Bilindiği üzere II.Abdülhamid'i tahttan indiren ekipte Emanuel Karaso, Aram Efendi, Es'ad Toptani ve Arif Hikmet Paşa yer almaktadır. Zaten Abdülhamid Han da en çok ekipteki kişilerin yanlış seçildiğine içerler ve çok üzülür. İşte bu 4 ismin nitelikleri..
***
"Karaso, İtalya'dan para alan bir casus olup, Libya 'nın İtalya tarafından yutulmasına meş'um bir rol oynamış, sonradan İtalya'ya kaçmış bir vatan hainidir. Ermeni Aram Efendi, Ermeni ihtilal komiteleri ile yakın ilgisi olup Sultan Abdülhamid'den Ermeniler'in intikamını almak için Abdülhamid'i tahttan indiren ekibe sokulmuştur. Jandarma Paşası olan Es'ad Toptani, birkaç yıl sonra devlete isyan ederek Arnavut istiklali için silah çekmiş ve sayısız Türk 'ün kanına girmiş bir adamdır. Arif Hikmet Paşa, sonraki yıllarda karanlık siyasi hayatı olan bir denizcidir." |
|
|
|
Nicomedia41
Üyeliği iptal edilmiştir
|
Konu: Geri: Osmanlı'dan Japonya'ya robot Ptsi Haz. 22, 2009 3:34 pm |
|
|
İşte Abdulhamid Han Hakkında Anlatılan 10 Yalan ..! 1. Kızıl Sultandı: Bu iddia, Albert Vandal adlı bir Fransız yazar tarafından ortaya atılmıştı. Atılış sebebi de, Abdülhamid'in Ermeni isyanlarını bastırtmış olmasıdır. Başta İngiltere ve Fransa olmak üzere Avrupa kamuoyunda Abdülhamid'in kan dökücü bir padişah olduğu propagandası başlatıldı. İşte "Kızıl", yani kan döken Sultan lakabı bu sırada asıldı boynuna. Hadi Ermenilerin böyle demesini anladık; iyi ama bir tekini bile idam ettirmemiş olan Abdülhamid'e Jön Türkler neden "Kızıl Sultan" dediler? 1915'te yüzbinlerce Ermeni'yi tehcir ettirecek olanlar, 25 yıl önce Ermeni propaganda ordusunun neferleri olmakta sakınca görmemişlerdi.

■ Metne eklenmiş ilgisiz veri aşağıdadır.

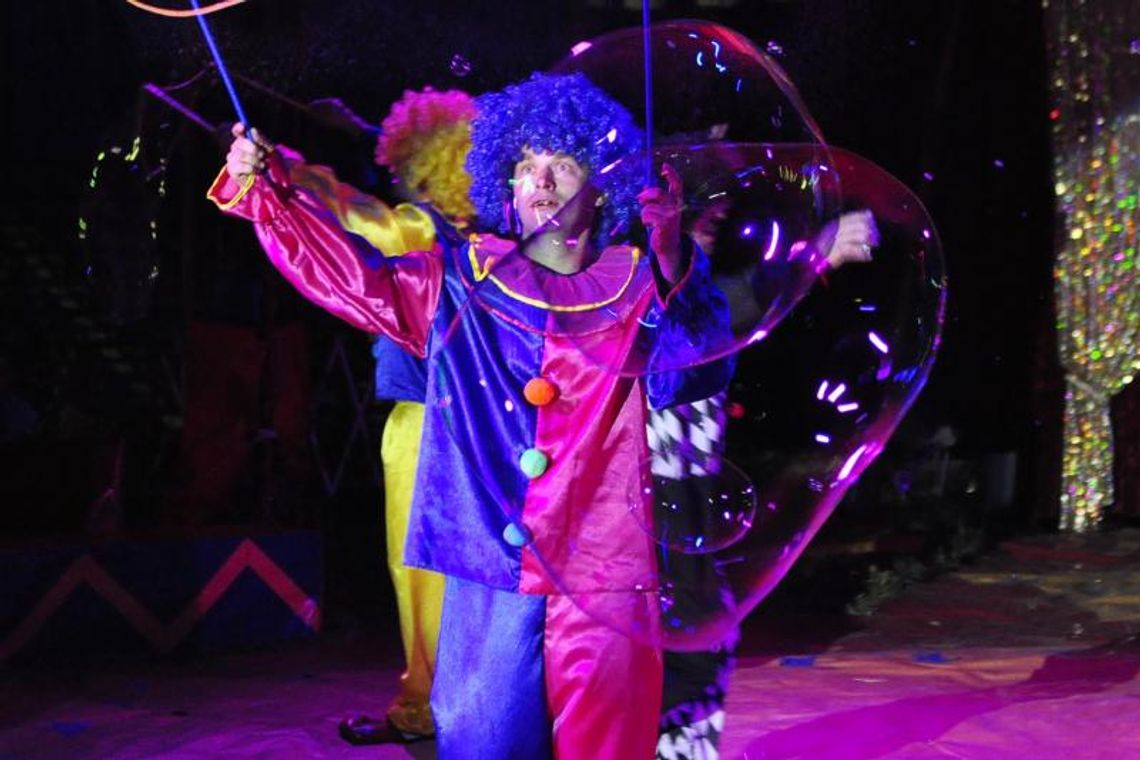 Magiczny świat cyrku Arlekin - taniec z ogniami i wężami oraz tajemnicze lalki nanajskie Magiczny świat cyrku Arlekin - taniec z ogniami i wężami oraz tajemnicze lalki nanajskie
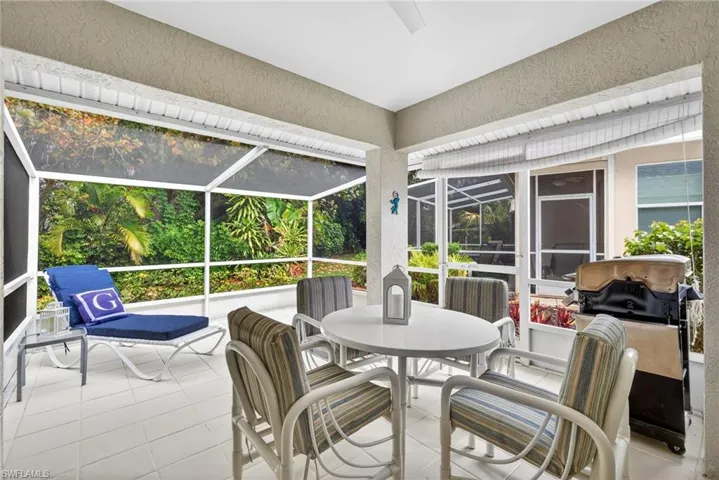 Sunroom / solarium with outdoor dining area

2. Meşrutiyet düşmanıydı: 93 Harbi'nde Osmanlı topraklarının üçte biri kaybedilmişti. Bu çapta bir toprak kaybı karşısında meclisteki farklı milliyetlere mensup üyeler paniğe kapılmış, her biri kendi milletinin topraklarını kurtarma telaşına düşmüştü. Birleştirici olacağı ümidiyle kurulan meclis, tam tersine bölücü bir meclis olmuştu. İki seçenek vardı: Ya parçalanmaya seyirci kalmak ama meşrutiyetten taviz vermemek ya da meşrutiyeti askıya almak ama ülkeyi parçalanmaktan kurtarmak. Abdülhamid ikincisini seçti ki, aynı durumda devlet refleksi zaten başkasını yapmasına müsaade etmezdi.
3. Milleti cahil bıraktı: Bilinenin aksine, Osmanlı tarihinin en canlı eğitim hamlesi, Abdülhamid dönemine rastlar. Sevan Nişanyan'ın hesaplamalarına göre Türkiye, Abdülhamid dönemiyle kıyaslanabilecek bir okullaşma düzeyine yeniden ancak 1950'li yıllarda ulaşabilmiştir. Mesela 1895'te TC sınırlarına tekabül eden bölgede bine yakın (835) ortaokul ve lise bulunuyorken 1923'te bu sayı 95'e düşmüştür. 1895'teki yüz bine yakın öğrenci sayısı (97.837), 1950-51 sezonunda aşağı yukarı aynı seviyede seyretmektedir (90.356). Öncesiyle kıyasladığımızda Abdülhamid dönemindeki eğitim patlaması daha görünür hale gelir. Tahta geçtiği yıl 250 olan rüşdiye sayısı 1909'da 900'e, 6 olan idadi sayısı 109'a çıkmıştır. 1877'de İstanbul'da sadece 200 tane modern ilkokul varken 1905'te 9 bine çıkmıştı. Her yıl ortalama 400 ilkokul açılmıştır ki, bu, Cumhuriyet döneminde bile kırılamamış bir rekordur.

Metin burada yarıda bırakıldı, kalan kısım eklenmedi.